PROVIDED MATERIAL:
=== Begin Enclosure ===

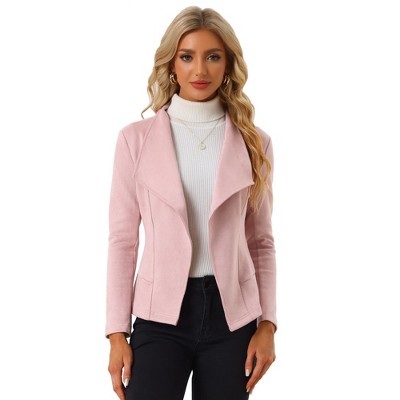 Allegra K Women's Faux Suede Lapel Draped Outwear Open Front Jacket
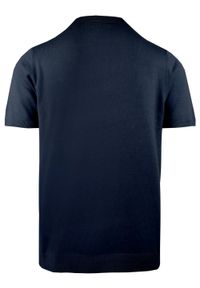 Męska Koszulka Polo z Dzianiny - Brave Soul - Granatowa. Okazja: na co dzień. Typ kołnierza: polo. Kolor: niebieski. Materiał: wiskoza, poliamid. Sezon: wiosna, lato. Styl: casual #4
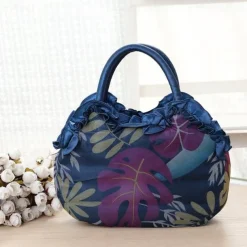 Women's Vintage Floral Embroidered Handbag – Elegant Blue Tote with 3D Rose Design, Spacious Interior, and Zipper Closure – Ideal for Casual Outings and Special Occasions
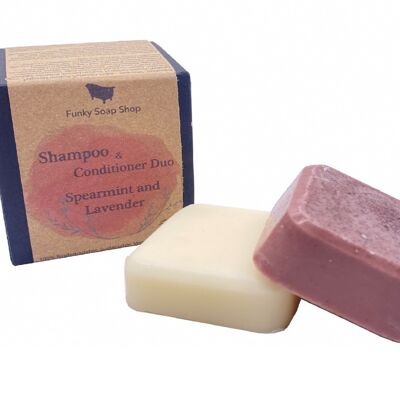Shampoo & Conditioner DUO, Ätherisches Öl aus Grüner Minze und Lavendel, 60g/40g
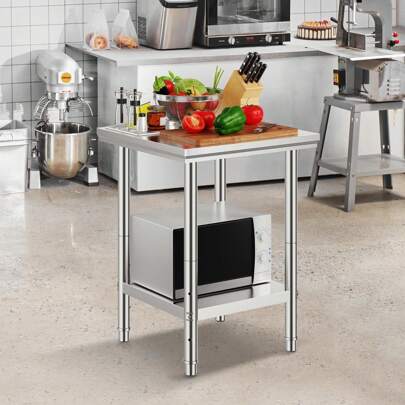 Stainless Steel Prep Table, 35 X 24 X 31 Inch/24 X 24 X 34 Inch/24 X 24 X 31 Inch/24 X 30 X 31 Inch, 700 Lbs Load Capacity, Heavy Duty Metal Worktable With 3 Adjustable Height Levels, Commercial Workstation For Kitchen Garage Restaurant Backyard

=== End Enclosure ===
=== Begin Enclosure ===

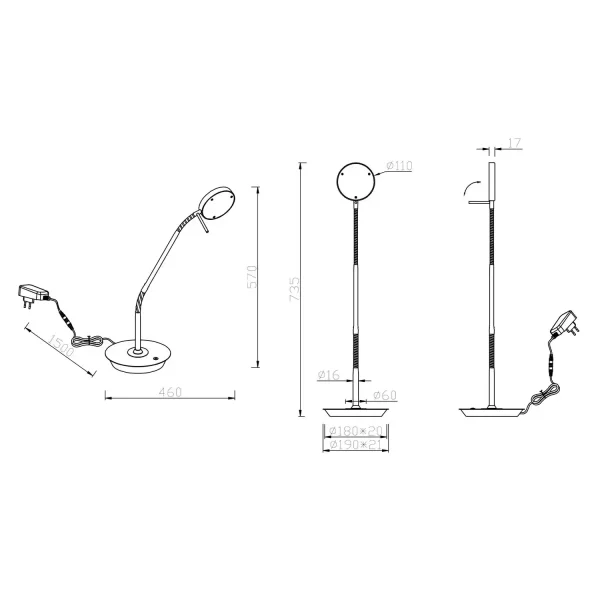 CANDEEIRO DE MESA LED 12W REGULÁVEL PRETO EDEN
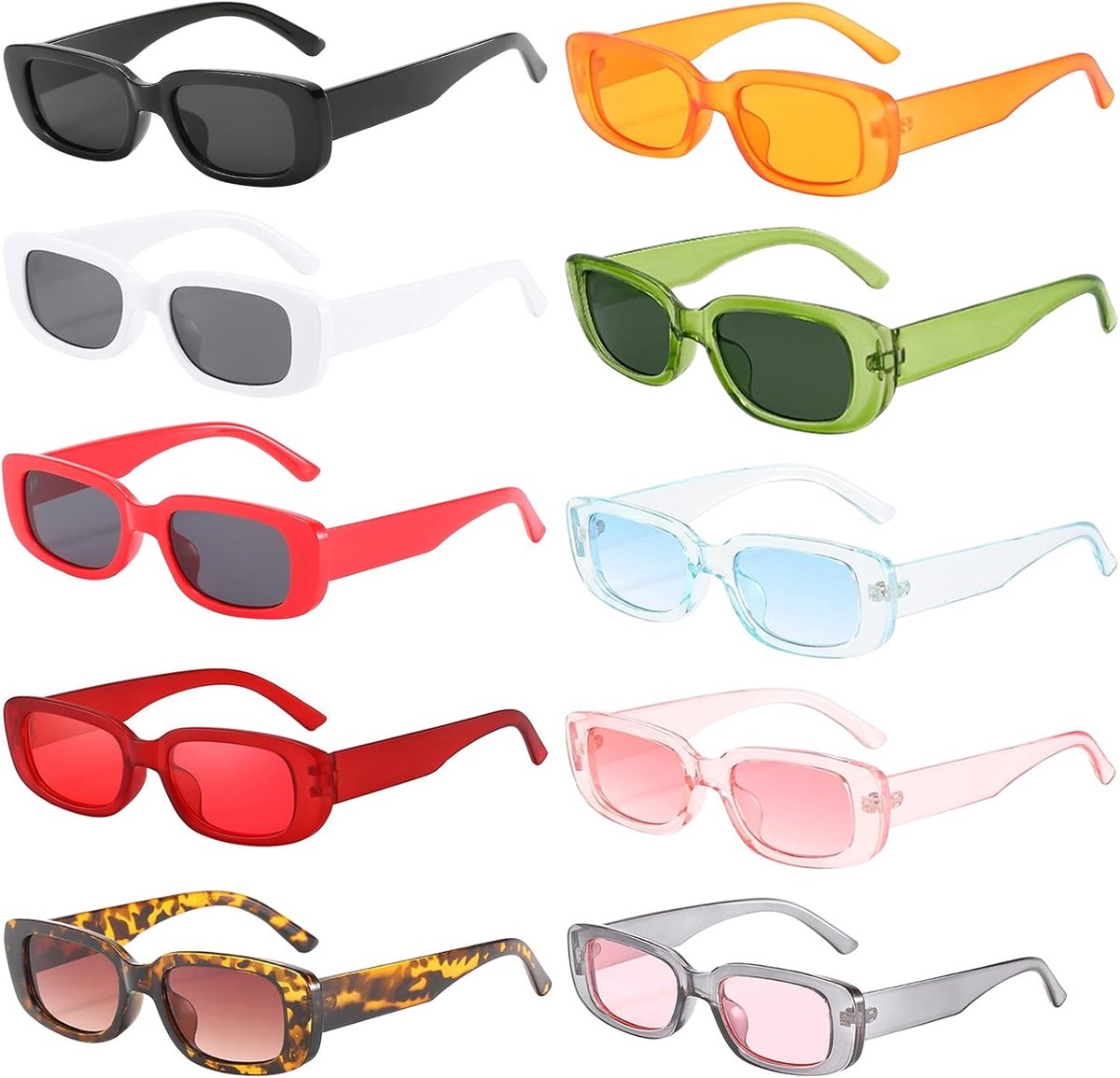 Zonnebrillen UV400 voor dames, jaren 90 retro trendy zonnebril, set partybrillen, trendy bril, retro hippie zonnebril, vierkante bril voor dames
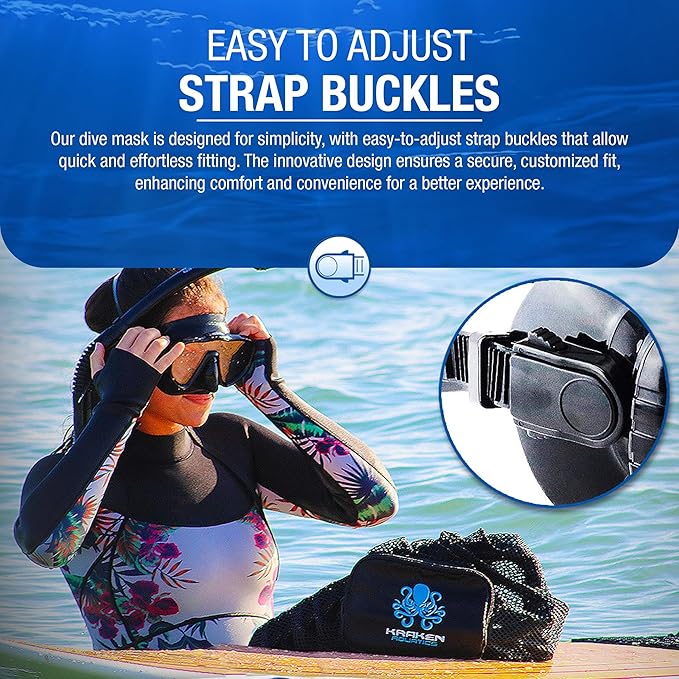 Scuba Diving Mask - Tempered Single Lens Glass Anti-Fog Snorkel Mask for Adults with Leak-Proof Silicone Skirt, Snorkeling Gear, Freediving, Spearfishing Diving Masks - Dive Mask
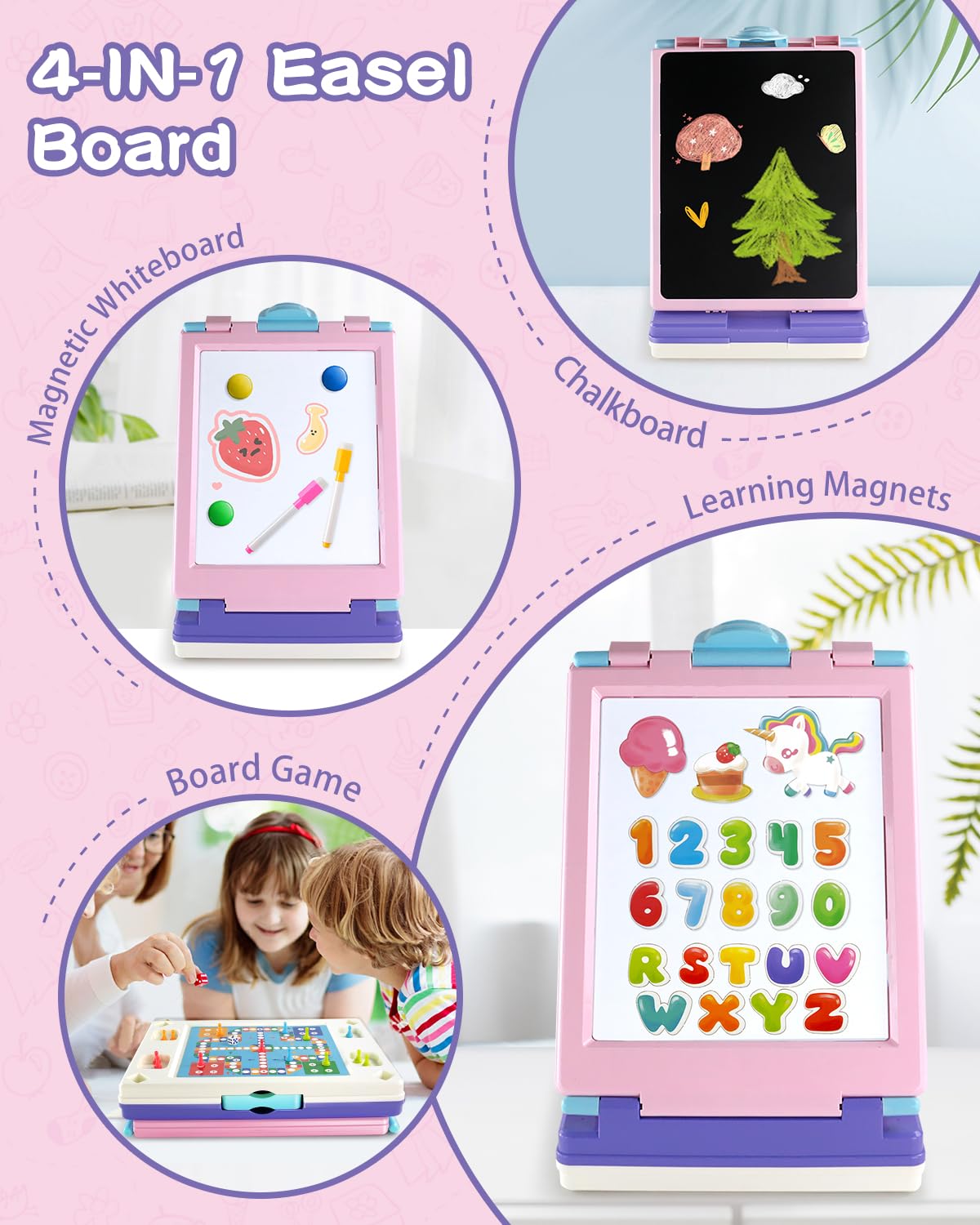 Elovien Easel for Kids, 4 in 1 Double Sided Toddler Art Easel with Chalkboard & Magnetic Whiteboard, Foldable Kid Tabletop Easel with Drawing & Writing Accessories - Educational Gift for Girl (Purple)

=== End Enclosure ===

WHAT TO WORK ON: Restate word for word the lines of the data above that begin at the line with "Allegra K Women's" and end at the line with "Shampoo & Conditioner", keeping both ends and dropping every picture.

RESPONSE TO THIS EXERCISE:
 Allegra K Women's Faux Suede Lapel Draped Outwear Open Front Jacket
 Męska Koszulka Polo z Dzianiny - Brave Soul - Granatowa. Okazja: na co dzień. Typ kołnierza: polo. Kolor: niebieski. Materiał: wiskoza, poliamid. Sezon: wiosna, lato. Styl: casual #4
 Women's Vintage Floral Embroidered Handbag – Elegant Blue Tote with 3D Rose Design, Spacious Interior, and Zipper Closure – Ideal for Casual Outings and Special Occasions
Shampoo & Conditioner DUO, Ätherisches Öl aus Grüner Minze und Lavendel, 60g/40g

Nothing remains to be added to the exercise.